12. No Effect on Employment or Service. Neither the Plan nor the Option Award will confer upon the Participant any right with respect to continuing the Participant’s relationship as an Employee with the Company or any Subsidiary, nor will they interfere in any way with the Participant’s right or the Company’s or any Subsidiary’s right to terminate such relationship at any time, with or without Cause, to the extent permitted by Applicable Laws.

13. Date of Grant. The date of grant of the Option Award will be, for all purposes, the Closing Date.

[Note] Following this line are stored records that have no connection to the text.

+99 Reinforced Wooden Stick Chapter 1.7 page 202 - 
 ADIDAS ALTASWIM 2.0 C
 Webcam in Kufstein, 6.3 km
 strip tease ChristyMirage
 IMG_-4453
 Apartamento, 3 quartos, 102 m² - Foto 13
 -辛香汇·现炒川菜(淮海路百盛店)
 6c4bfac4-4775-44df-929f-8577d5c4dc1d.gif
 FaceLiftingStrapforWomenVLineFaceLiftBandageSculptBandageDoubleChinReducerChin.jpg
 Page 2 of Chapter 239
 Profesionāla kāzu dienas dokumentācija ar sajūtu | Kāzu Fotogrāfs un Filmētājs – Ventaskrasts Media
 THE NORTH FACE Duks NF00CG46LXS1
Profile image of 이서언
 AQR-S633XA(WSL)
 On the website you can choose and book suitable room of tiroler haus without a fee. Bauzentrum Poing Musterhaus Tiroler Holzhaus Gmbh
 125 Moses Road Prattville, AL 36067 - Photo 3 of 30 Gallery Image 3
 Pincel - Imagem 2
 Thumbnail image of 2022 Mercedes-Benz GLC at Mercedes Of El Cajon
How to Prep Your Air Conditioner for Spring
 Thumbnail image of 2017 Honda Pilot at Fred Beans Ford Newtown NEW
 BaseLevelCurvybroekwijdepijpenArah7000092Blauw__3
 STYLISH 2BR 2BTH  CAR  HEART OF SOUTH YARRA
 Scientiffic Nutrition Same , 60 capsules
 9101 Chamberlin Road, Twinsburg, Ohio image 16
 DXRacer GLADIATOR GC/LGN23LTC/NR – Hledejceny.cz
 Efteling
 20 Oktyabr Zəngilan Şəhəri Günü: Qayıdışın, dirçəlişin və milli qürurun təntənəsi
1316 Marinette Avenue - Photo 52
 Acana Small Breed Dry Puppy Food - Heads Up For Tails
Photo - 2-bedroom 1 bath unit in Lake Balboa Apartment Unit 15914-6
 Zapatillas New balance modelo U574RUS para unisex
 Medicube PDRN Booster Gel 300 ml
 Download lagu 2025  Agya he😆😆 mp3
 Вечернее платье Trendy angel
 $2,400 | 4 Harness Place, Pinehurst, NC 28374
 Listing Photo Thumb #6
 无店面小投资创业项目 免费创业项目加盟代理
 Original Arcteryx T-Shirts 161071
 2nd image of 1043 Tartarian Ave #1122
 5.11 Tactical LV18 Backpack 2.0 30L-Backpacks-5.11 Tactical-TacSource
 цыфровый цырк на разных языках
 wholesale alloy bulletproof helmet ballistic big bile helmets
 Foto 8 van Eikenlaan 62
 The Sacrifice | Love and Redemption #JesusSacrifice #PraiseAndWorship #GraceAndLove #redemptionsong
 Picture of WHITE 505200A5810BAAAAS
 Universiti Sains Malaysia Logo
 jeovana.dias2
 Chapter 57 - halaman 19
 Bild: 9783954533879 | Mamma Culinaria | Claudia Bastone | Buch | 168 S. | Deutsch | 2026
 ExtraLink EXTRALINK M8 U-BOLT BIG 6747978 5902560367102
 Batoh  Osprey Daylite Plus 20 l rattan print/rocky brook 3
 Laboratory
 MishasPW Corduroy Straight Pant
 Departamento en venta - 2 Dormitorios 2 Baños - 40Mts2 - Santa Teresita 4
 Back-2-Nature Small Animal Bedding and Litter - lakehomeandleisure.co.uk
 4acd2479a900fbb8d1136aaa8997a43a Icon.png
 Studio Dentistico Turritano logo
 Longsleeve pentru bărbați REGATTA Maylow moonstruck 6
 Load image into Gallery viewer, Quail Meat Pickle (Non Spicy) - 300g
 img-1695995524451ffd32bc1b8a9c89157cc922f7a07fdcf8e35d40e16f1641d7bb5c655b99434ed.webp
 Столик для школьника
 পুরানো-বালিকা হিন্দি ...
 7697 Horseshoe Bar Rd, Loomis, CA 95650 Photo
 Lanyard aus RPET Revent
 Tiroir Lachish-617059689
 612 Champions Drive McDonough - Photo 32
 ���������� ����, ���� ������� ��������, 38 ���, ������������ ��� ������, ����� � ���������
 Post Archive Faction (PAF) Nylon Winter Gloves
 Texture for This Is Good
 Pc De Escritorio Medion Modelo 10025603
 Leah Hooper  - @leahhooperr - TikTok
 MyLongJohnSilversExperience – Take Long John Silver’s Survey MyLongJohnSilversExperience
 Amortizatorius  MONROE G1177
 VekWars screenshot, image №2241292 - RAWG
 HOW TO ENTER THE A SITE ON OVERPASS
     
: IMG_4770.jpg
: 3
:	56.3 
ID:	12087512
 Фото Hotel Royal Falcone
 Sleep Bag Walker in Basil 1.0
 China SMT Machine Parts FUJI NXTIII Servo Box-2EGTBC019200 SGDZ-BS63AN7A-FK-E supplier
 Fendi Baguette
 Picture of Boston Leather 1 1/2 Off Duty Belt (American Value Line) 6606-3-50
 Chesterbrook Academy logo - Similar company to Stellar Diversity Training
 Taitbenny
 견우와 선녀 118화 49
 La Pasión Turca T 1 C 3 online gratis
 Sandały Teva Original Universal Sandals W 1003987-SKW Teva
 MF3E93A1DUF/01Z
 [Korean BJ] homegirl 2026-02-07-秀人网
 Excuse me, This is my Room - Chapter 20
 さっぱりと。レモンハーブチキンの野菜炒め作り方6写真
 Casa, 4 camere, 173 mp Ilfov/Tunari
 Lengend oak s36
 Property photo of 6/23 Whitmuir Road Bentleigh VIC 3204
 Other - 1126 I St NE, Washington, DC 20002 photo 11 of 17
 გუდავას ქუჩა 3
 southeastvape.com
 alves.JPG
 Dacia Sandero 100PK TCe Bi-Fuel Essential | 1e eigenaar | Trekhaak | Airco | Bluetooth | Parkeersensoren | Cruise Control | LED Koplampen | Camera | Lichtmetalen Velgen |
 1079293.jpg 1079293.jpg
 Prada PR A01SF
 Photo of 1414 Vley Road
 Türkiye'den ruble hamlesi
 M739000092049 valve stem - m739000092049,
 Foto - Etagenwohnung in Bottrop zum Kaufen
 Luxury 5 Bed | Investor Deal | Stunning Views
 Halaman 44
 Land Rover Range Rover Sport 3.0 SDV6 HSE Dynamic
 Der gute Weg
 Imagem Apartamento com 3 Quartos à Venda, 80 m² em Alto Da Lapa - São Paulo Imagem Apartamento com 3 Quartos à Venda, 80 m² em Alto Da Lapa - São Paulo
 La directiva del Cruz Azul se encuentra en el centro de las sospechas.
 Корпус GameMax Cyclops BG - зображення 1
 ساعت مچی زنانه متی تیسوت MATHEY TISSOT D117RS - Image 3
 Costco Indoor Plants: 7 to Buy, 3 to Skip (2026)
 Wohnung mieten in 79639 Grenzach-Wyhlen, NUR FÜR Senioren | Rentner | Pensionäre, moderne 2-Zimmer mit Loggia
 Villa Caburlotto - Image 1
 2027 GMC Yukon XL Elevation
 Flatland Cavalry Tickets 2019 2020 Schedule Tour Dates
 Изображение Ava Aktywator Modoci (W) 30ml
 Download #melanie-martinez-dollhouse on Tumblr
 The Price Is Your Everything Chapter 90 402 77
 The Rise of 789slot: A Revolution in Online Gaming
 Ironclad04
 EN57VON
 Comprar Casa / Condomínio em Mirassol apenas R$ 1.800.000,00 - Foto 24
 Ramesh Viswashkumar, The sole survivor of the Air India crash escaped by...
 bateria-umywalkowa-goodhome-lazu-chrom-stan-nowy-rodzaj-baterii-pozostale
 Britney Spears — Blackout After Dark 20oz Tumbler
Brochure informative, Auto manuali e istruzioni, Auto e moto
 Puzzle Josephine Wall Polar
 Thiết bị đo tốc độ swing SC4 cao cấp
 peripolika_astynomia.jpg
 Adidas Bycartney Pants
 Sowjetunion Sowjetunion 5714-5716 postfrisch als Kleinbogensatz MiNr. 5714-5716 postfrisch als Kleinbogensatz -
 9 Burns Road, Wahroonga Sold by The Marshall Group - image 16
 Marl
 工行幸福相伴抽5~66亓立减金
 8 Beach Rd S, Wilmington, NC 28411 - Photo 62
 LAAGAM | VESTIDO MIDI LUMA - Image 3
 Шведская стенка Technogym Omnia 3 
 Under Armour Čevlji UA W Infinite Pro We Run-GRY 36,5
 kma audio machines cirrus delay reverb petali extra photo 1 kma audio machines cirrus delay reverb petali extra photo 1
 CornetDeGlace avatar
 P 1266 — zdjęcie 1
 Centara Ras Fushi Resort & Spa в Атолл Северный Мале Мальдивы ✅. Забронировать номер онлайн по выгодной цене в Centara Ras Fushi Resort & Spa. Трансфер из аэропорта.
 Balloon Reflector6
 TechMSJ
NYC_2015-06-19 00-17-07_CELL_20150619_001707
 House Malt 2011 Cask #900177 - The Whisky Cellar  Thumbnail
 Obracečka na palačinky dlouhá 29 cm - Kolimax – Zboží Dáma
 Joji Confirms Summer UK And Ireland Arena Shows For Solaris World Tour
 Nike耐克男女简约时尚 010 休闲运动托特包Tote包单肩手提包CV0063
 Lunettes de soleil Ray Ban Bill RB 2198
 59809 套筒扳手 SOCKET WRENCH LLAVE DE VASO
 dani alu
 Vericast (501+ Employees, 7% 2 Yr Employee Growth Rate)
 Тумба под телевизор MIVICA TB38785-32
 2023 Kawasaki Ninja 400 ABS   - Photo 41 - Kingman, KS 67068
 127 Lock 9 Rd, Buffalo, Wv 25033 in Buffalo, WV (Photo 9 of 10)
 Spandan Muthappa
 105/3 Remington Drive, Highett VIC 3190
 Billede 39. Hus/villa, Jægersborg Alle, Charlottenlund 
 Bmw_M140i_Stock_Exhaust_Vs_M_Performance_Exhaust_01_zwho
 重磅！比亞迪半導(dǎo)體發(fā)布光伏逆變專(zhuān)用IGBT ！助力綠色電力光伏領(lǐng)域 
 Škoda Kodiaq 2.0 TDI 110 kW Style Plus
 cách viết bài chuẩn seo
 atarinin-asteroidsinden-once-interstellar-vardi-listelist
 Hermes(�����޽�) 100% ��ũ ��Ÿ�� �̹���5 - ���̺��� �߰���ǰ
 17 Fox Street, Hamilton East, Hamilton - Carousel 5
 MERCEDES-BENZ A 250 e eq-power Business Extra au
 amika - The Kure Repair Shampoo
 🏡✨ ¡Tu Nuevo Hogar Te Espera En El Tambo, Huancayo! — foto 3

14. Corporate Records Control. In the event that the corporate records (e.g., Board consents, resolutions or minutes) documenting the corporate action constituting the grant contain terms (e.g., exercise price, vesting schedule or number of Shares) that are inconsistent with those in the Award Agreement or related grant documents as a result of a clerical error in the papering of the Award Agreement or related grant documents, the corporate records will control and the Participant will have no legally binding right to the incorrect term in the Award Agreement or related grant documents.

15. Clawback/Recovery. The Administrator may specify in the Award Agreement that the Participant’s rights, payments, and/or benefits with respect to the Option Award will be subject to reduction, cancellation, forfeiture, and/or recoupment upon the occurrence of certain specified events, in addition to any applicable vesting, performance or other conditions and restrictions of the Option Award. Notwithstanding any provisions to the contrary under this Plan, the Option Award granted under the Plan shall be subject to the Company’s clawback policy as may be established and/or amended from time to time. The Administrator may require the Participant to forfeit or return to and/or reimburse the Company for all or a portion of the Option Award and/or Shares issued under the Option Award, any amounts paid under the Award, and any payments or proceeds paid or provided upon disposition of the Shares issued under the Option Award, pursuant to the terms of such Company policy or as necessary or appropriate to comply with Applicable Laws.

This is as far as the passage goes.